Thank God, we have not experienced anything close to a “little pogrom.” Recent violent attacks against Jews in the New York area, however, have reignited a sense of unity as witnessed during last week’s 25,000-strong rally in Brooklyn. External hate and violence bring us Jews together because we know that an attack against one of us is an attack against all of us.
This kind of unity and vigilance against baseless hatred are of course important and needed, but they are not enough. We Jews have to expend more effort in building Jewish unity within our communities at all times – not just in times of crisis. Our children must be able to see Judaism and the Jewish people as a unifying way to celebrate traditions and milestones; to share values, and to support one another beyond trying times.
In an increasingly polarized world that is intolerant of others’ views and beliefs, our goal at Schechter Bergen is to help our children grow into knowledgeable, action-oriented Jews who treat others with respect and understanding.
These kinds of attitudes and behaviors must begin in the home and then be reinforced at school. Children learn through what we say and do. We must respect our fellow Jews who choose to live and practice Judaism differently; this is the only way to combat the divisiveness among us.
At SSDS we strive to foster an environment in which Jewish children and families come together to celebrate our shared values and traditions, and learn to accept our differences in a non-threatening, respectful way. We also want to foster an understanding of different approaches to practicing Judaism and a respect for an individual Jew to choose his or her way of creating a meaningful relationship with God and the Jewish people.
As a school community, we fully embrace a Halakhic, egalitarian approach to Jewish life and ritual. Our school’s commitment to Halakha helps ensure that every member of our diverse Jewish community feels both respected and included. An important way SSDS parents make that happen is through a commitment to Kashrut at all parties and celebrations that include Schechter students and families, and that parties are never scheduled on Shabbat or Jewish holidays.
Embracing such communal norms is what builds Jewish unity. We do not have to unilaterally embrace a particular approach to ritual; however, it is important, as Jews, to acknowledge and respect the rights of others to do so. We want to be respected for our choices, and we have an obligation to afford others the same respect. This goes for our political attitudes toward Israel as well. We may not always agree about the choices the Israeli government makes, but we can still agree on the necessity for the State of Israel to exist, thrive, and serve as the home and safe-haven of the Jewish people.

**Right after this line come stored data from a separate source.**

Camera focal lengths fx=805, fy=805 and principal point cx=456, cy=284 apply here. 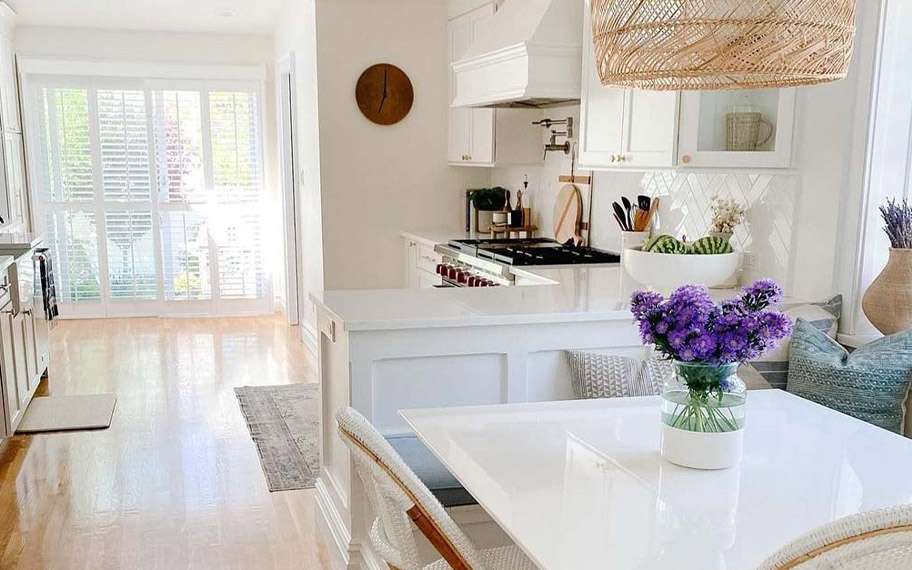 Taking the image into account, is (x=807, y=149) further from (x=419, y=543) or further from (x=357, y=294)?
(x=419, y=543)

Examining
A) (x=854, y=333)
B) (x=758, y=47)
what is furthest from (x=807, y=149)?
(x=758, y=47)

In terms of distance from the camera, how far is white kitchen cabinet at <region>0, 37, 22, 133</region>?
238 inches

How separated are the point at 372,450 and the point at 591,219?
3.15 m

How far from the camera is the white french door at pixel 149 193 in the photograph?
6.96m

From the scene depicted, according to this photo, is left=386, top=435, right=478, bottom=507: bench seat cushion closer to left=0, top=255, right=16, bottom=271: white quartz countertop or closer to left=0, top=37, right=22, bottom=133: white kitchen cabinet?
left=0, top=255, right=16, bottom=271: white quartz countertop

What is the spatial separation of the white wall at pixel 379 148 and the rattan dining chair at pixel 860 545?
15.4 feet

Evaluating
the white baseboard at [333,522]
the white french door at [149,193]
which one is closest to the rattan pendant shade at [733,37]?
the white baseboard at [333,522]

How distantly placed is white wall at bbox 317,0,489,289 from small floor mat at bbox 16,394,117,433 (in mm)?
1622

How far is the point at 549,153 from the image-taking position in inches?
195

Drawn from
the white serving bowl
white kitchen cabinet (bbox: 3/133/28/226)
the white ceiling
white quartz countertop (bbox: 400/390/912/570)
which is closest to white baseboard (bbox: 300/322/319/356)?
white kitchen cabinet (bbox: 3/133/28/226)

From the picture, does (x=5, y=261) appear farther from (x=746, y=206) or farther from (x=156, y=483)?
(x=746, y=206)

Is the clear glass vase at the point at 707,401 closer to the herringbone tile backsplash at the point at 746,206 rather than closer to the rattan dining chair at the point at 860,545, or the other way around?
the rattan dining chair at the point at 860,545

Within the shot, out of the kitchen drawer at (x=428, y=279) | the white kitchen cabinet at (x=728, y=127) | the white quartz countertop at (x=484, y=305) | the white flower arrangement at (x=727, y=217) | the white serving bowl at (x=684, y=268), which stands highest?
the white kitchen cabinet at (x=728, y=127)

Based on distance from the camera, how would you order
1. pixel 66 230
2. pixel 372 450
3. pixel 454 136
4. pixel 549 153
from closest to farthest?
pixel 372 450, pixel 549 153, pixel 454 136, pixel 66 230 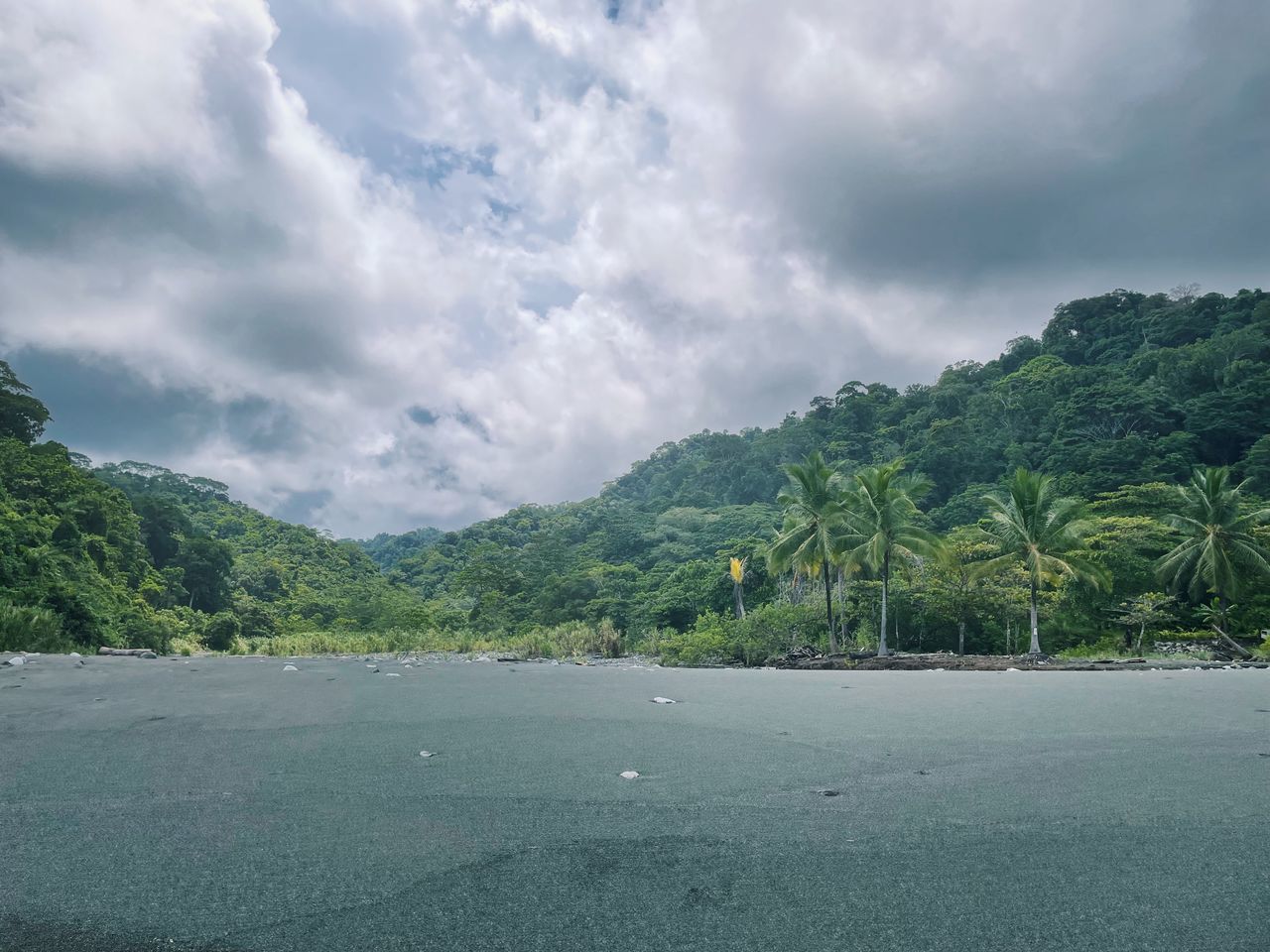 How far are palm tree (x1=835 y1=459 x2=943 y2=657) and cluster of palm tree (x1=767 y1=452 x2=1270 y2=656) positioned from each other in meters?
0.03

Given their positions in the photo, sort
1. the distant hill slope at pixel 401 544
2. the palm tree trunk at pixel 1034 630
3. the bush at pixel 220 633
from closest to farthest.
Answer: the palm tree trunk at pixel 1034 630 → the bush at pixel 220 633 → the distant hill slope at pixel 401 544

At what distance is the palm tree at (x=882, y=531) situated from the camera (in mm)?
23672

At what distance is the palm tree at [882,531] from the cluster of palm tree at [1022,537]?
0.11 ft

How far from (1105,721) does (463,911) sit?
5771 millimetres

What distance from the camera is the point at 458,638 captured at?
3170 cm

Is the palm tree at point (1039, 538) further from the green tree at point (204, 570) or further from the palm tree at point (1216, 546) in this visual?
the green tree at point (204, 570)

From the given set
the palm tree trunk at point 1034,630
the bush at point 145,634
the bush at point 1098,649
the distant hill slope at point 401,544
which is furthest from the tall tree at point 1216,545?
the distant hill slope at point 401,544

The school environment is the perfect place to have these discussions and to explore our collective stories and our sometimes different approaches to God, Judaism, and the Jewish people. The home is where we clarify with our children, our family’s personal beliefs and practices and guide our children on how we approach God, Israel, and Jewish practices.
Creating a diverse yet respectful Jewish learning community at SSDS is both exciting and challenging. By offering different Jewish experiences and encouraging our children to ask probing questions, we remain steadfast in our commitment to help our students grow into committed, knowledgeable, and joyful Jews.

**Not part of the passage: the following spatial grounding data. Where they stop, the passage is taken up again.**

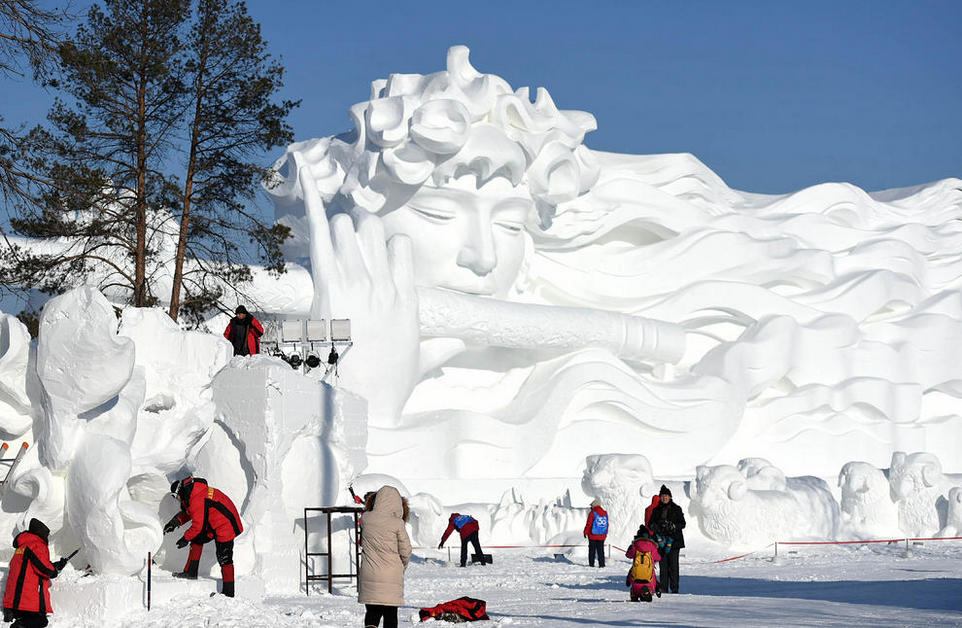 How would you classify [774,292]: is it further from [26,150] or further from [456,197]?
[26,150]

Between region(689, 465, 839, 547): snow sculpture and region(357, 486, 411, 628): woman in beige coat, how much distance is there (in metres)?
12.6

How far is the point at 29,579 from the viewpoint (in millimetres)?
8992

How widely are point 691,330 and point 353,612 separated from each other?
19.8 meters

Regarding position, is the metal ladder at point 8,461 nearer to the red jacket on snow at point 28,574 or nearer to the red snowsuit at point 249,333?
the red jacket on snow at point 28,574

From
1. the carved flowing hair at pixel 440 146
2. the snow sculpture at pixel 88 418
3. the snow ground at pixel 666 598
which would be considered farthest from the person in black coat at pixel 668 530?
the carved flowing hair at pixel 440 146

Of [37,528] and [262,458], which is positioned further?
[262,458]

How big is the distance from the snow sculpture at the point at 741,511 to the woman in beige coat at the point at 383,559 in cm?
1260

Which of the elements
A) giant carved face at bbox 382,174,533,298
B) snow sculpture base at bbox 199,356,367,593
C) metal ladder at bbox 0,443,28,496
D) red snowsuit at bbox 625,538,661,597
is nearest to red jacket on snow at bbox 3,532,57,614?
metal ladder at bbox 0,443,28,496

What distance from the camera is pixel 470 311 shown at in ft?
80.7

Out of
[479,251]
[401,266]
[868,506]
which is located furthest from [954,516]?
[401,266]

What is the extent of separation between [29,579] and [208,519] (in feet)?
6.32

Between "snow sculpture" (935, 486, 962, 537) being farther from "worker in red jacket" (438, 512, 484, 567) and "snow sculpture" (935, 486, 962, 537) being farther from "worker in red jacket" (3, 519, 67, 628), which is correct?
"worker in red jacket" (3, 519, 67, 628)

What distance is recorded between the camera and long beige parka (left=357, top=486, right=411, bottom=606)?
24.3 ft

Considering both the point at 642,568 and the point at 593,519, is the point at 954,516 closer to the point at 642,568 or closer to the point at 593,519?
the point at 593,519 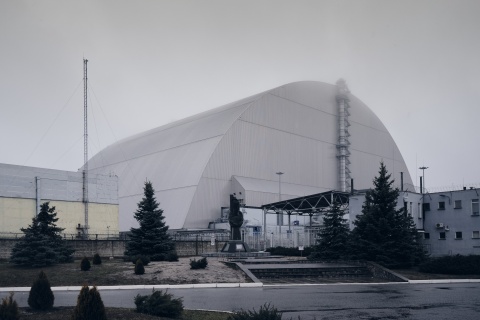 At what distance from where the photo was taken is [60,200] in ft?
178

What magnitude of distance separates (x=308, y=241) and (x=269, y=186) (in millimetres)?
10650

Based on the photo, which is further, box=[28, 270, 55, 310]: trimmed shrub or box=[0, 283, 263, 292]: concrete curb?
box=[0, 283, 263, 292]: concrete curb

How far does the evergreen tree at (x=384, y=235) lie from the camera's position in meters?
35.6

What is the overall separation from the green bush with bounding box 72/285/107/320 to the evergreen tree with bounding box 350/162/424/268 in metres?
27.3

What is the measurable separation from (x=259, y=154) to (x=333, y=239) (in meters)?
28.4

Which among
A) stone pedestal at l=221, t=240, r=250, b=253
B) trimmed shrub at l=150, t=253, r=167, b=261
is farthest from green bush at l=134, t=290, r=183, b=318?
stone pedestal at l=221, t=240, r=250, b=253

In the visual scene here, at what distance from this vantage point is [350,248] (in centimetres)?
3781

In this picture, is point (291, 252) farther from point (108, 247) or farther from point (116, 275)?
point (116, 275)

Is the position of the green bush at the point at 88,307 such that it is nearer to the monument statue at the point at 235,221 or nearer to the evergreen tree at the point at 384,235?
the evergreen tree at the point at 384,235

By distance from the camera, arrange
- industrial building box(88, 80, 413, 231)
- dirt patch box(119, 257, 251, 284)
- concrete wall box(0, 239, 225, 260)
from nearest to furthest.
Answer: dirt patch box(119, 257, 251, 284)
concrete wall box(0, 239, 225, 260)
industrial building box(88, 80, 413, 231)

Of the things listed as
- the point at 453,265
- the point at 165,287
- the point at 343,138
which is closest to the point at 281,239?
the point at 343,138

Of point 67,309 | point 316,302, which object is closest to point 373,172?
point 316,302

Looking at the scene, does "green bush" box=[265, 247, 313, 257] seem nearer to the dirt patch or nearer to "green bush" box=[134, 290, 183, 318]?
the dirt patch

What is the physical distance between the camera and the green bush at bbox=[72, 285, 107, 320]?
11.0 metres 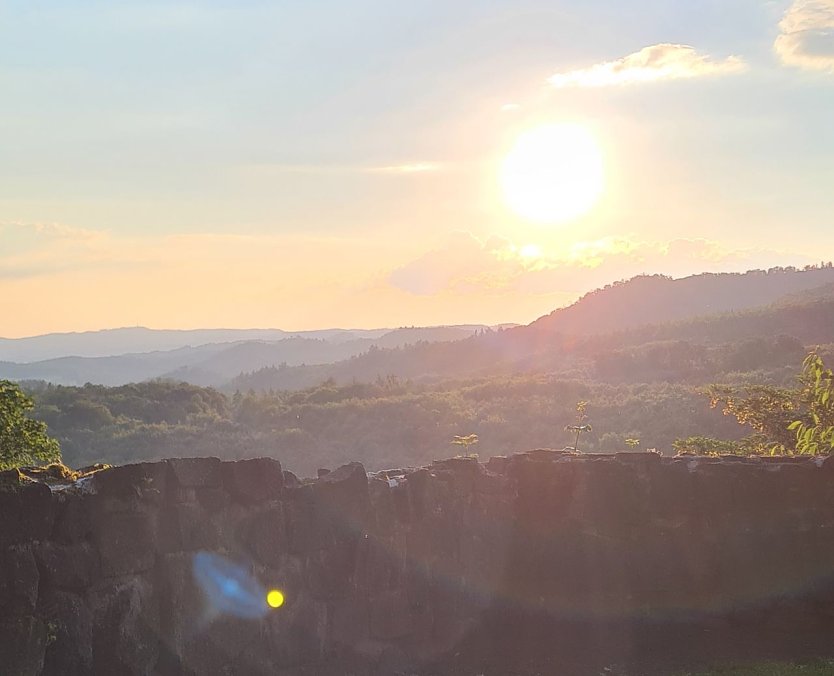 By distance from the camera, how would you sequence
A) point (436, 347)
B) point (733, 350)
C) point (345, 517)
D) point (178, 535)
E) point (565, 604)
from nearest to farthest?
point (178, 535)
point (345, 517)
point (565, 604)
point (733, 350)
point (436, 347)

Jewish uniformity is neither a goal nor even possible. Our vision is one of Jewish unity. We want SSDS to be a place where each of us feels at home, whole with our fellow Jews – celebrating our commonalities, which are squarely built upon our common heritage and destiny. So, let’s continue to fight anti-Semitism and hatred against all people and with equal vigor. Let’s build bridges and promote unity within our own communities – in good times and in times of need.